Colombia comenzó el 2026, año electoral, con un escenario de seguridad más frágil y complejo que el registrado en años anteriores. Así lo advierte el más reciente balance de la Fundación Ideas para la Paz (FIP).
“El 2025 cerró con un balance en rojo para la seguridad del país: los grupos armados ampliaron sus disputas territoriales, engrosaron sus filas y reforzaron el control sobre las comunidades, mientras el desplazamiento forzado se agudizó y la política de Paz Total acumuló cuestionamientos, incluso desde el propio Gobierno”, señaló el informe.
La entidad declaró que, aunque la Fuerza Pública incrementó sus acciones a un 34 %, estas no representaron una mejora de la seguridad y, en lo que va del 2026, “los enfrentamientos, el miedo y las emergencias humanitarias regresan a varias regiones del país”.

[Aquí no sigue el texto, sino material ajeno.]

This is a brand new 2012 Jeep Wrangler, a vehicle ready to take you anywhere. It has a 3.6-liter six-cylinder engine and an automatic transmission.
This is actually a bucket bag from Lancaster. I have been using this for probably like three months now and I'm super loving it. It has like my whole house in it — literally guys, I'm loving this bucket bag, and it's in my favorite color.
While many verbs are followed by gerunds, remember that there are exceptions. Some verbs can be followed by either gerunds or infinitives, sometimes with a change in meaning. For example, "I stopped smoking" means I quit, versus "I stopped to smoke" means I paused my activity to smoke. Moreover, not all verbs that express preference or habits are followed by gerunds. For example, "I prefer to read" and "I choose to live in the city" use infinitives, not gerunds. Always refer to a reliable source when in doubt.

Entre los datos más preocupantes está el aumento del número de combatientes. A diciembre de 2025, los grupos armados sumaban más de 27.000 integrantes, entre hombres en armas y redes de apoyo, lo que representa un crecimiento del 23,5 % frente al año anterior.
Es decir, que “más de 5.000 personas se sumaron a estas organizaciones ilegales en solo un año", puntualizó el informe de la FIP.

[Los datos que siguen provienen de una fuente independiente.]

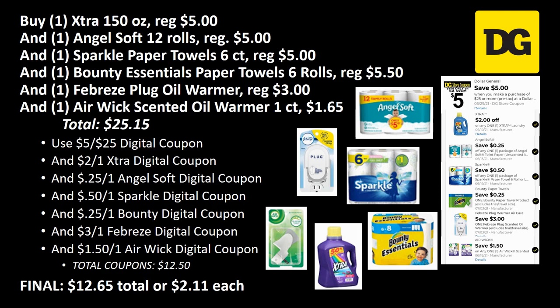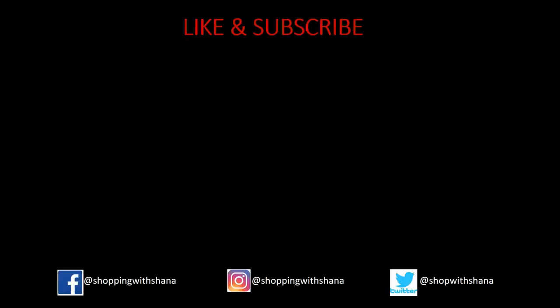Sorry that was a long video, but I hope you enjoy these matchups plus the whole scenarios. Let me know in the comments if you like seeing these Dollar General videos, and make sure you give me a big thumbs up. Subscribe to my channel, follow me on social media — all the links are in the description box below. Have a wonderful week — I'll see you later, bye guys!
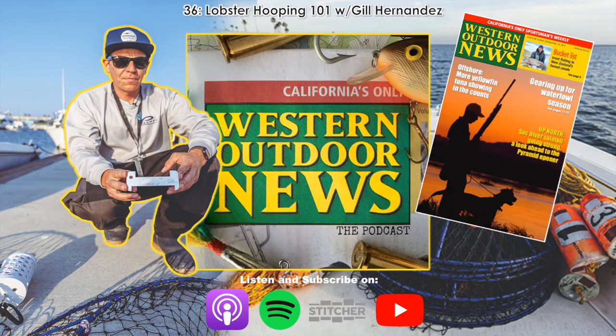This episode of the Western Outdoor News Podcast is brought to you by Penn. Every bite on the water is just the beginning of a gear-testing battle of man versus fish. In this game, there are no ties. Since 1932, Penn has equipped saltwater anglers worldwide with gear built to deliver an advantage over angry fish. Penn's new Workhorse Battle 3 spinning reel with proprietary CNC gear technology and HT100 carbon fiber drag system comes in nine sizes. Go to pennfishing.com and let the battle begin.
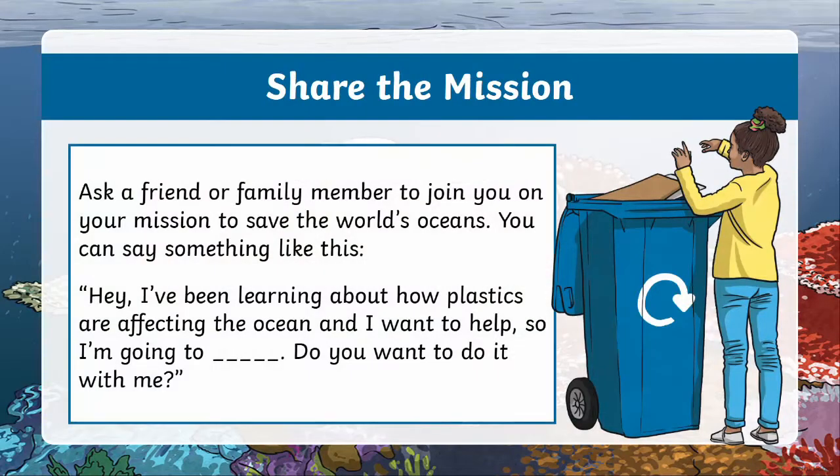Good job. Now that you've made your commitment, the final step is to talk about it with a friend, family member, or anyone else you know. You never know — maybe they'll want to join in on your mission too. After this video ends, you can go up to them and say something like: 'Hey, I've been learning about how plastics are affecting the ocean and I've decided I want to help, so I'm going to [insert pledge here] — do you want to do it with me?' Sharing your mission with a friend can make it feel more real and add to your motivation to commit to it. Thank you for joining me on this lesson about the world's oceans. Please check out the next video lesson in this series, and I hope your day goes swimmingly!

El Clan del Golfo lidera ese incremento, con cerca de 2.300 nuevos miembros, seguido por el ELN y el Estado Mayor Central (EMC) de las disidencias de las Farc.
De acuerdo con la FIP, “ni las operaciones militares, ni los procesos de negociación, ni las ofertas de sometimiento han logrado frenar su capacidad de reclutamiento. Los grupos ofrecen salarios y otros incentivos en territorios donde el Estado llega tarde o no llega”.

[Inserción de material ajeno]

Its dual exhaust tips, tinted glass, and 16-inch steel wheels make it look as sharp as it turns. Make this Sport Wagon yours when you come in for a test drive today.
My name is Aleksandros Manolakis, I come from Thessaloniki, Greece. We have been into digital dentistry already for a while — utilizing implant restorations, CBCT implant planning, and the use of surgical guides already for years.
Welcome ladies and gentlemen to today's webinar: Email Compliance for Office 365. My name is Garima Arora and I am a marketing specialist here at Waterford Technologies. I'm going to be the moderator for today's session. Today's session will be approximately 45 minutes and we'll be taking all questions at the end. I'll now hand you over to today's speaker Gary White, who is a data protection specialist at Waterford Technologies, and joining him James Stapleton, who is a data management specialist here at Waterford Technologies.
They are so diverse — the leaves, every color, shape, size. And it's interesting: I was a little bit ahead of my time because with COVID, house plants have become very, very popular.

Además del fortalecimiento de grupos armados, el 2025 también fue el año con más disputas armadas de la última década. Los enfrentamientos entre grupos crecieron un 34 %, impulsados por rupturas internas, nuevas alianzas y la lucha por el control de rutas y economías ilegales.
“Hoy hay al menos 13 zonas del país en disputa activa, casi el doble de las que existían al inicio del Gobierno Petro, en 2022. También se registró un fuerte aumento de ataques contra la infraestructura y bienes civiles (58 % frente a 2024) y contra la Fuerza Pública (62 %). En conjunto, 2025 muestra las cifras más altas desde 2016”, expuso la FIP.
A esto se suma el uso creciente de drones cargados con explosivos, una tecnología que, según la FIP, el uso de estos artefactos potenció su capacidad militar, ya que “reduce costos y es más efectiva en atacar a la Fuerza Pública". Solo en 2025 se reportaron 277 ataques con drones, más del doble que el año anterior (119), la mayoría atribuidos al EMC.
El impacto humanitario también se profundizó. El desplazamiento forzado aumentó un 85 %, en gran parte por la crisis del Catatumbo, que obligó a 92.000 personas a abandonar sus hogares. Además, el secuestro creció 133 %, con una modalidad cada vez más urbana y extorsiva.
“El tiempo que le queda al Gobierno Petro no puede ser excusa para la inacción. Se requieren ajustes urgentes, mejor coordinación institucional y una estrategia que no se limite a la Fuerza Pública, sino que fortalezca la investigación criminal y la justicia”, concluye el informe.